## Work to be completed
For this exercise, please return exactly the line containing "Изображение игры: Astro Boy Dash" and each line after it through the end of the records, with no pictures included.

## The data
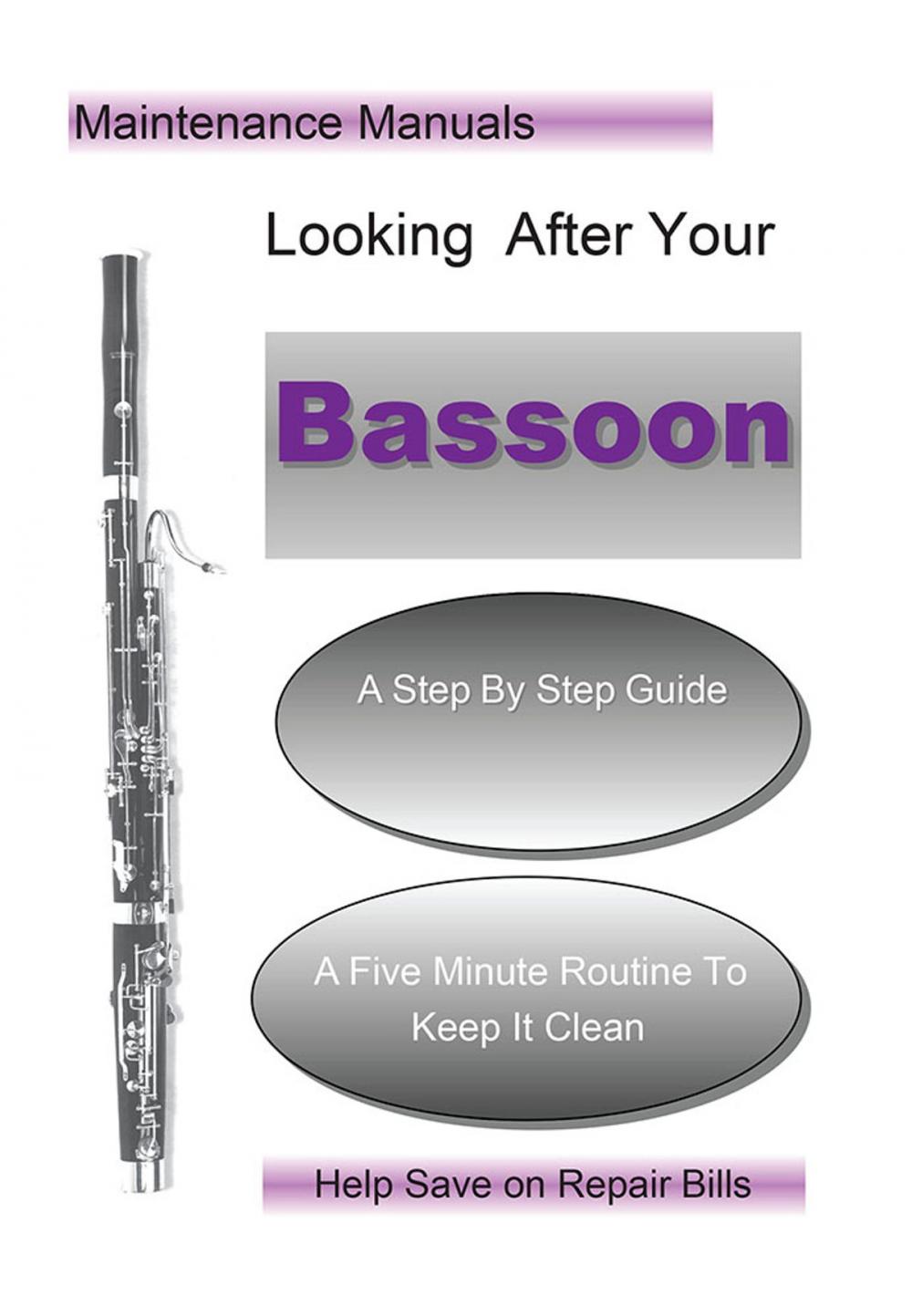 Big bigCover of Looking After Your Bassoon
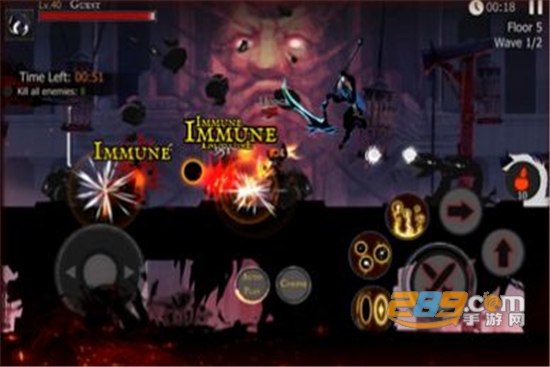 Shadow Of Death(死亡之影黑暗骑士火柴人战斗中文破解版)v1.84.1.0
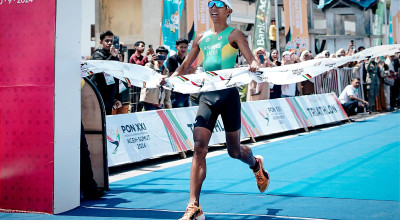 Atlet Triathlon Jatim Raih Emas PON Aceh-Sumut 2024, Kejutan dari Pemain Baru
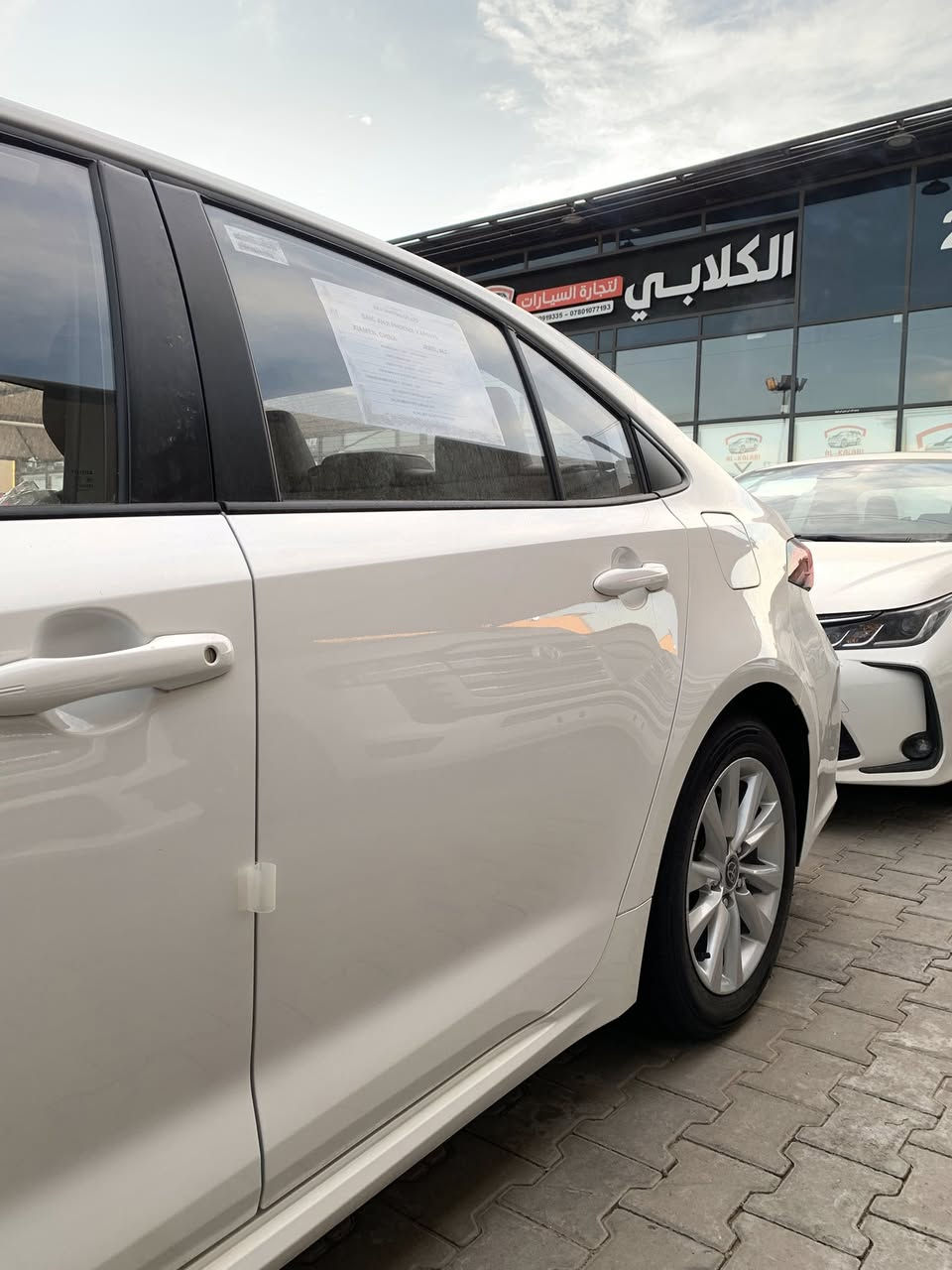 كورلا 2025 هايبرد رقم بغداد بأسمي
عداد 6.000 Km
فول مواصفات 
كفاله عامه خاليه من اي ملاحظه
مكاني كربلاء المعارض الجديده 
البوابه الاولى (الكلابي). 27
استفسار ***********
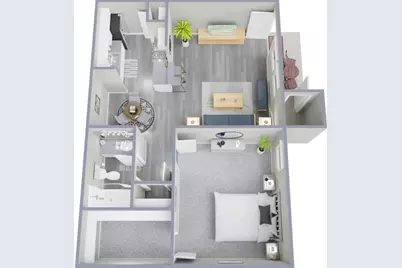 21717 Inverness Forest Boulevard #710, Houston, TX 77073 - Photo 3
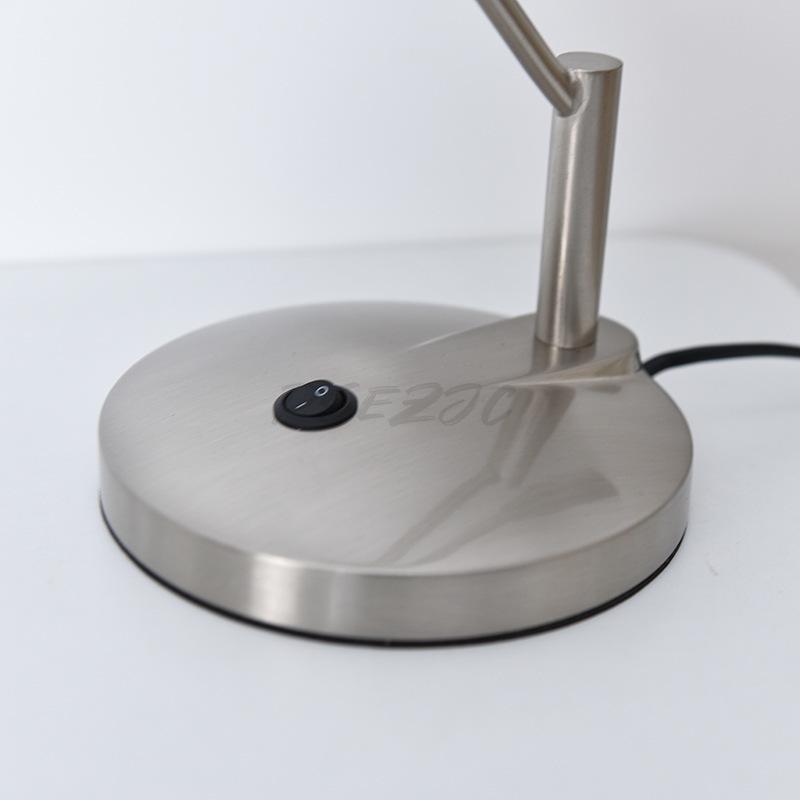 Minimally Creative Bedroom Bedside Reading Desk Lamp Hotel Room Desk Foldable Long Arm LED Eye Protection Desk Lamp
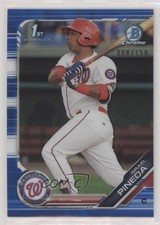 2019 Bowman Chrome Prospects Blue Refractor 8/150 Israel Pineda #BCP-247 2p7
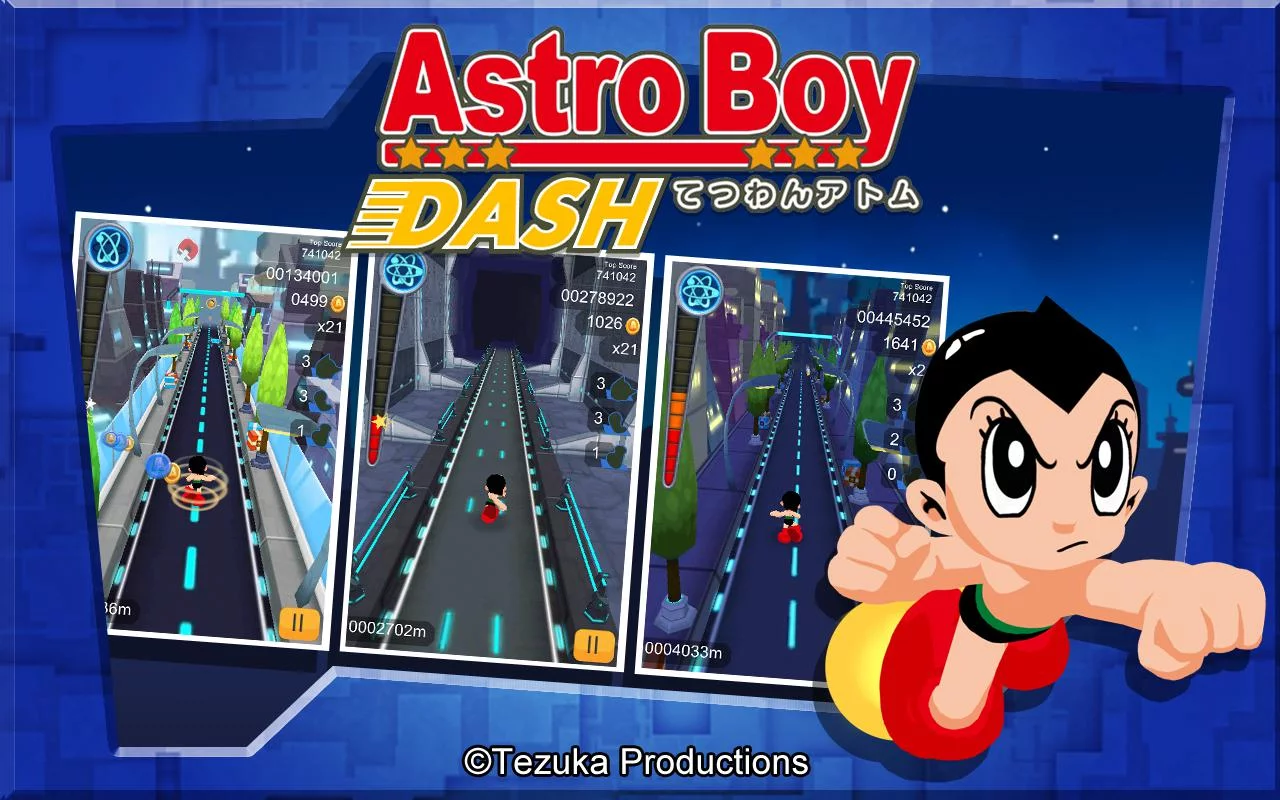 Изображение игры: Astro Boy Dash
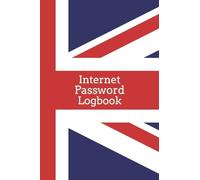 It's impossible to hack: Password Log Book, Alphabetical tabs, Pocket Size 6" x 9" , Union Jack Cover (76 pages Password Logbook): Union Jack ,Union Flag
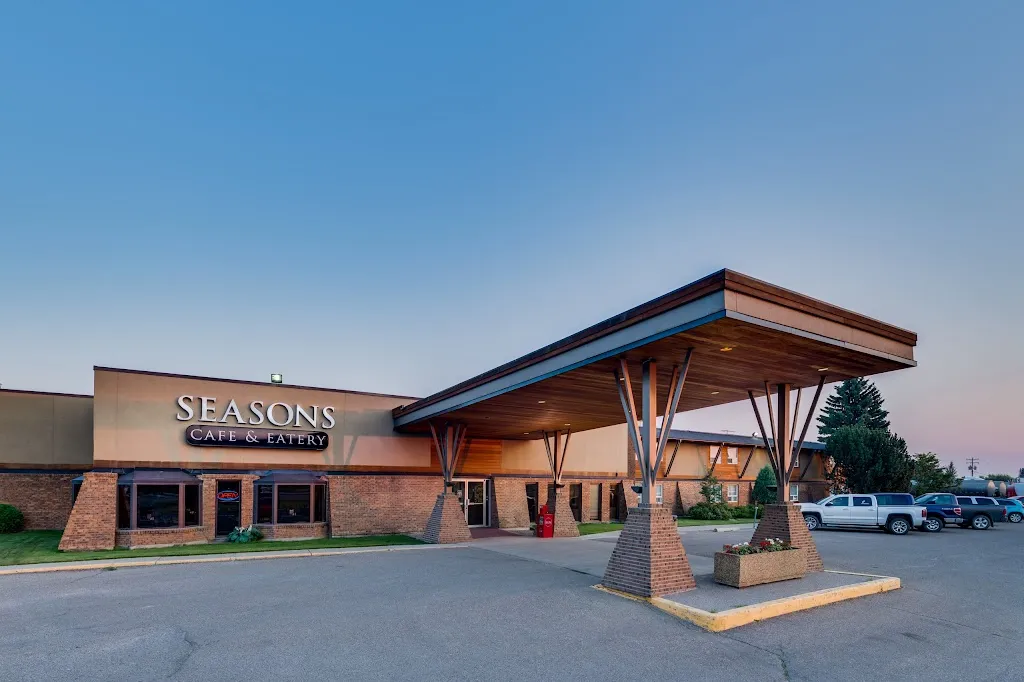 Heritage Inn Hotel & Convention Centre restaurante en Taber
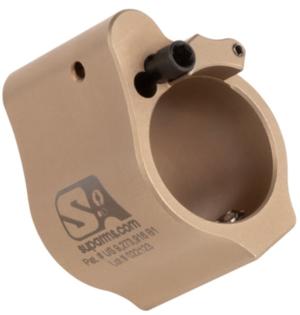 Superlative Arms Gas Block .750 in Solid Set Screw, DLC, Tan, SABO-DI-750ST 850011846759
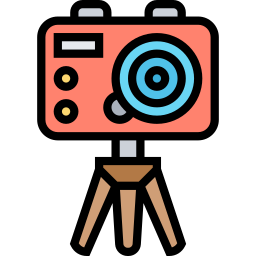 Action camera icon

## Output below
 Изображение игры: Astro Boy Dash
 It's impossible to hack: Password Log Book, Alphabetical tabs, Pocket Size 6" x 9" , Union Jack Cover (76 pages Password Logbook): Union Jack ,Union Flag
 Heritage Inn Hotel & Convention Centre restaurante en Taber
 Superlative Arms Gas Block .750 in Solid Set Screw, DLC, Tan, SABO-DI-750ST 850011846759
 Action camera icon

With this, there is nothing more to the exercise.